**** Given data
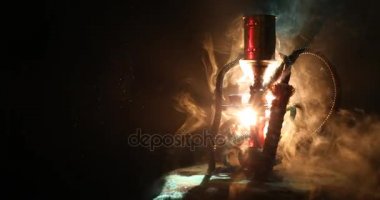 Nargile kömürü nargile üzerinde buhar koyu arka plan üzerinde turuncu (ateş gibi) bulutlar üzerinde top. Şık oryantal shisha. Shisha kavramı. Ekran döndürme. 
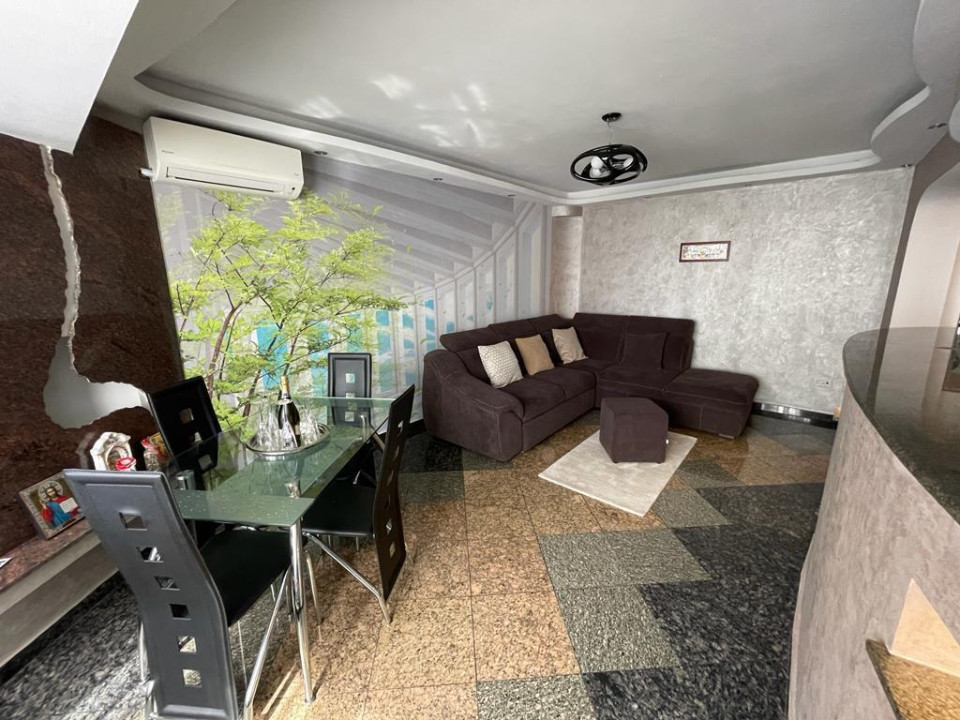 Apartament 2 camere -Vedere stradala Decebal - Piata Alba Iulia 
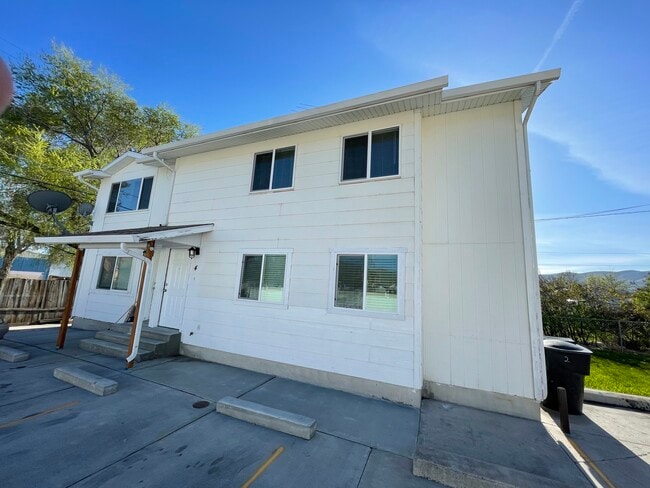 Building Photo - 264 E 100 N Unit 4 Rental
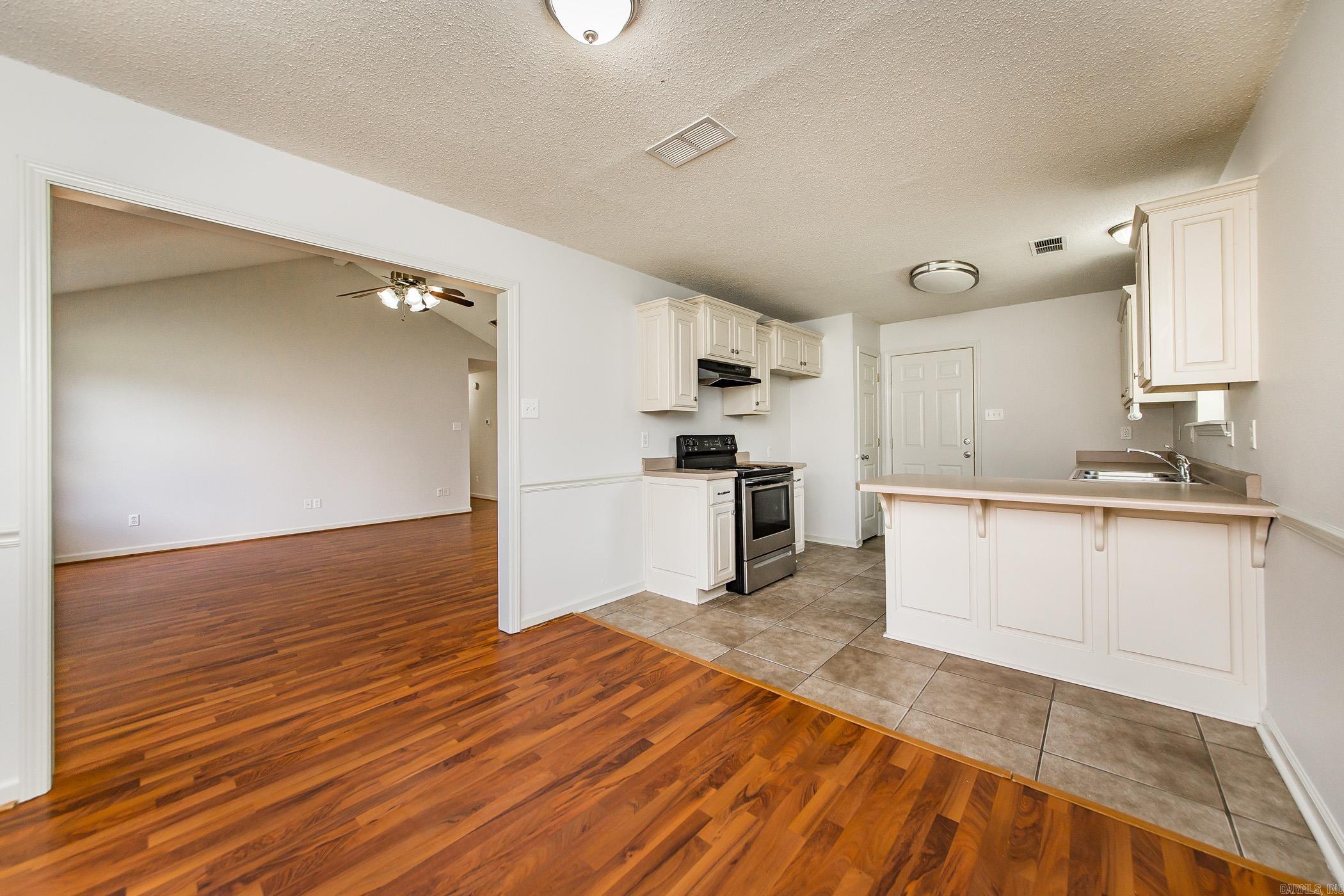 WOODBRIDGE - Residential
********
From the line containing "Apartament 2 camere" to the end of the listing, restate each line word for word and nothing more; the pictures stay out.

> Finished exercise:
 Apartament 2 camere -Vedere stradala Decebal - Piata Alba Iulia 
 Building Photo - 264 E 100 N Unit 4 Rental
 WOODBRIDGE - Residential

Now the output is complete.